» **Action item**: Restate exactly, and only, the lines from the one with "Nuke 6 introduces" through the end of the data, with both of those end lines kept. Drop any pictures.

*** Records for the task ***

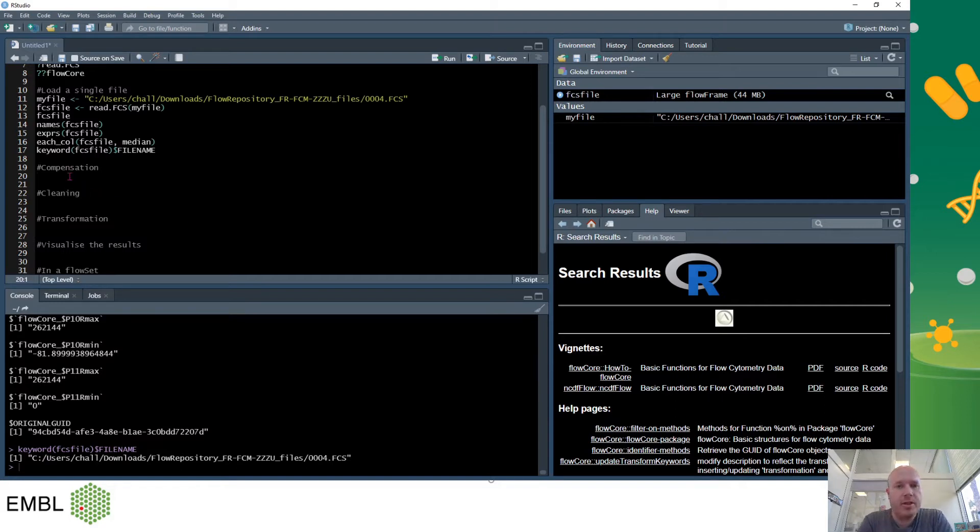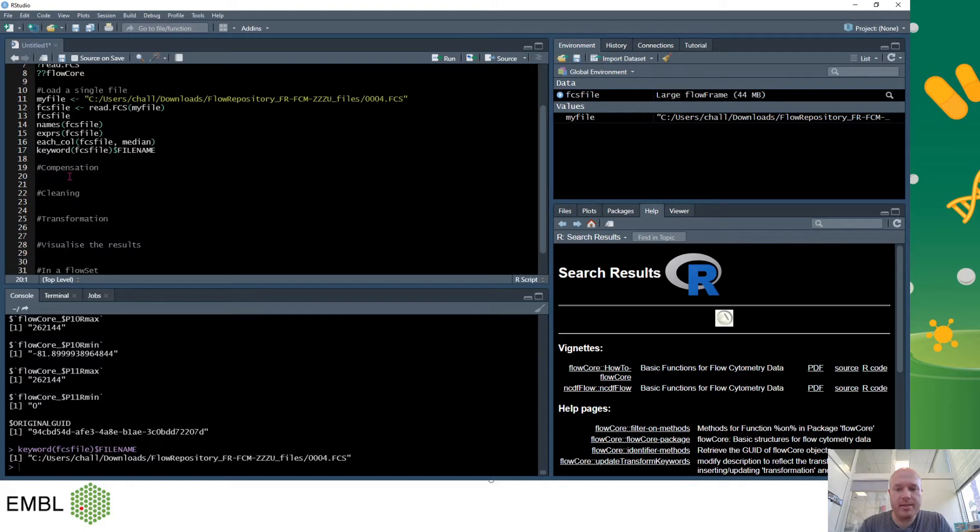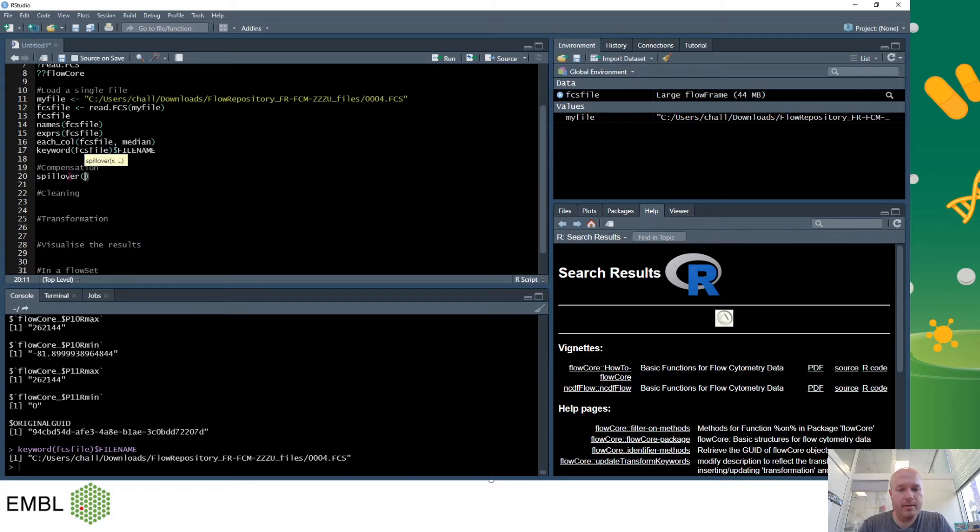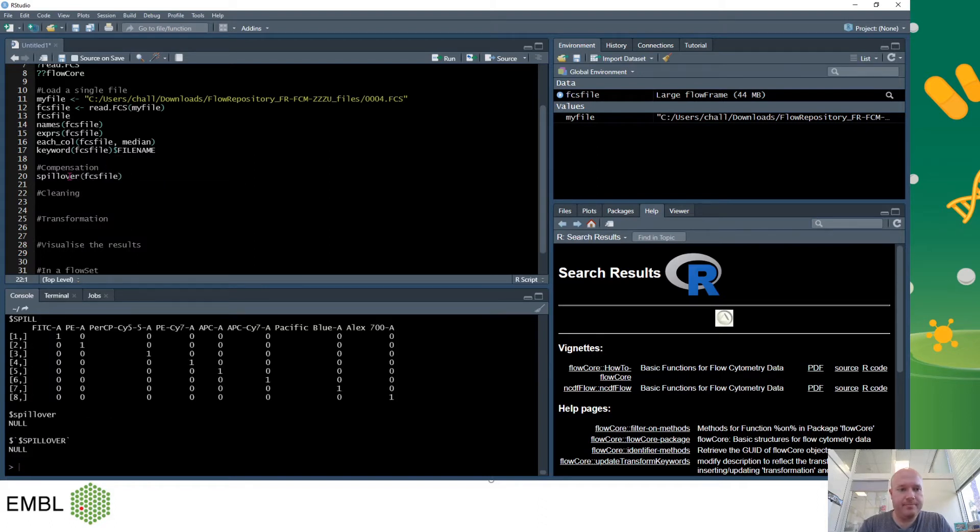So next we'll look at compensation. Each FCS file normally contains the compensation data from when you acquired it. If not, FloCo can do the compensation manually but here we will assume that it's inside the FCS file itself. To find out where it is you can type in spillover.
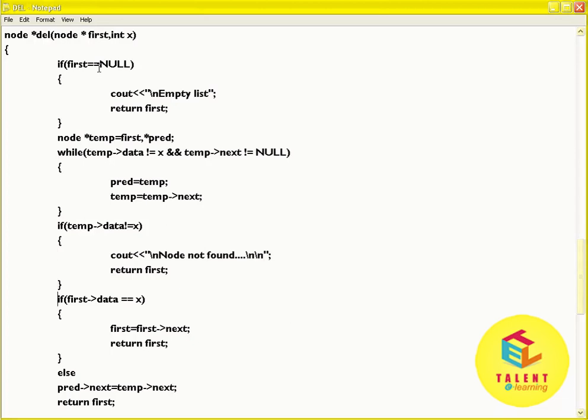Check if first of data is equal to x, then first equal to first of next and return first. Else, assign pred of next equal to temp of next and return.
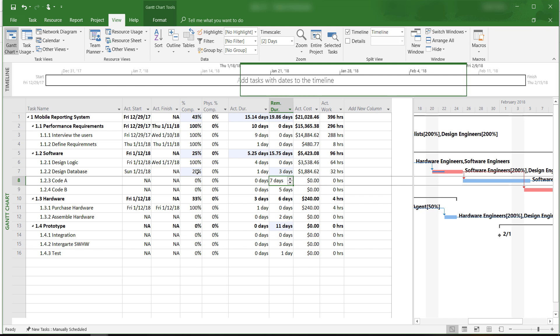OK, that is how to enter actual project information and keep track of project progress in Microsoft Project 2016. If you like this video, please subscribe and share. This is Yong Wang, and I'll see you in the next video.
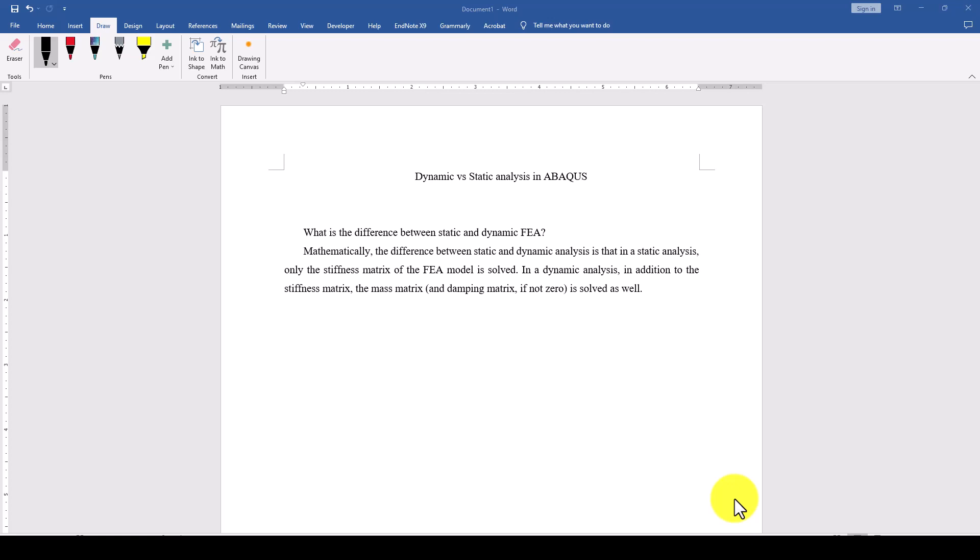The major part is the considering matrices. In static analysis, the program will create the stiffness matrix and then solve the problem. But when dynamics comes, the program will create a mass matrix and then solve the model based on the mass and also based on the stiffness matrix.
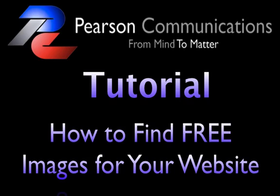Hello and welcome to the Pearson Communications tutorial on how to find images for your blog or website. This tutorial focuses on how to find free images. Thank you for joining me. My name is Cherie Pearson, and I'll be walking you through 10 ways to find images for your website.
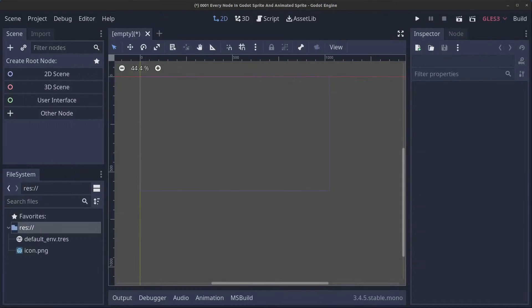Hello guys and welcome to episode 1 in my new Godot series: 'Every Node in Godot.' Today we're going to have a look at the Sprite node and the AnimatedSprite node.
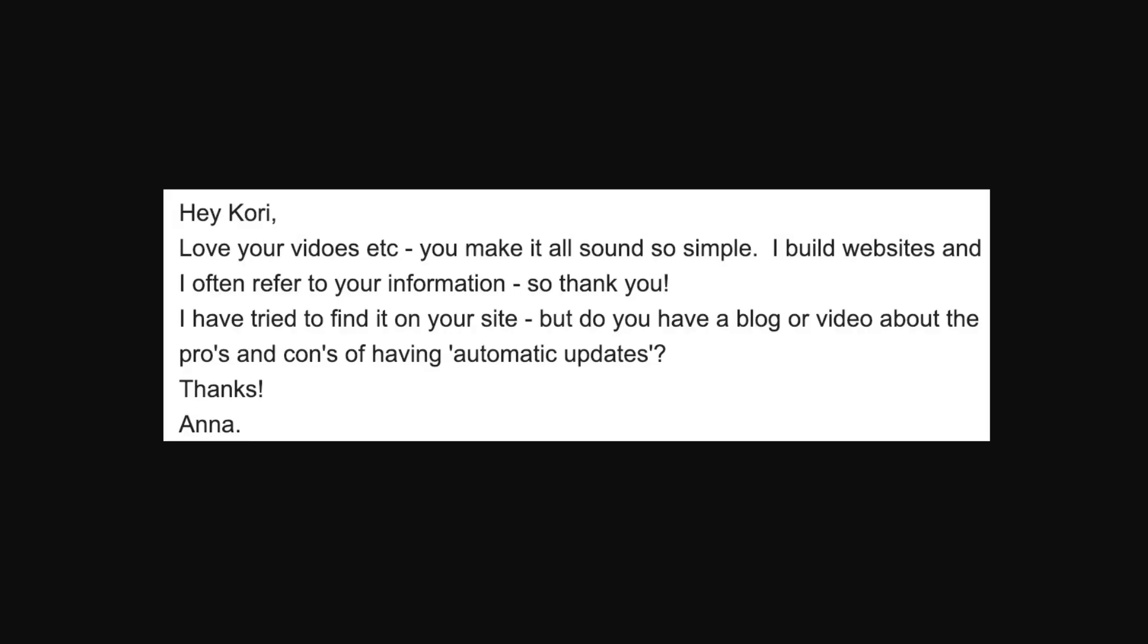Anna writes in, hey Kori, love your videos, et cetera. You make it sound so simple. I build websites and I often refer to your information, so thank you. I have tried to find it on your site, but do you have a blog or video about the pros and cons of having automatic updates? Thanks, Anna.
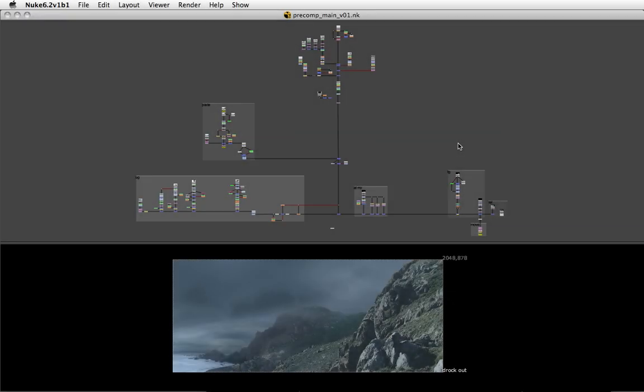Nuke 6 introduces the precomp node or precomp workflow which enables you to deal with more complex scripts in a more efficient way as well as use a collaborative workflow with Nuke. In this tutorial we'll investigate a few of its options.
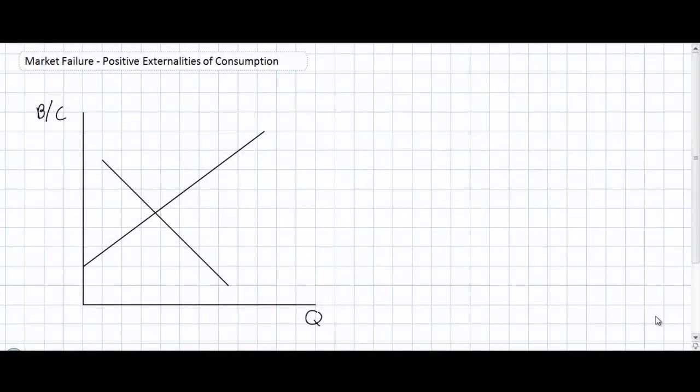This video lesson is the third video in a series of lectures on market failures and the different types of market failures that may arise due to the existence of externalities in the markets for particular goods and services. Today, we'll be talking in particular about the example of positive externalities of consumption.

*** End of Records for the task ***

» **Exercise result**:
Nuke 6 introduces the precomp node or precomp workflow which enables you to deal with more complex scripts in a more efficient way as well as use a collaborative workflow with Nuke. In this tutorial we'll investigate a few of its options.
This video lesson is the third video in a series of lectures on market failures and the different types of market failures that may arise due to the existence of externalities in the markets for particular goods and services. Today, we'll be talking in particular about the example of positive externalities of consumption.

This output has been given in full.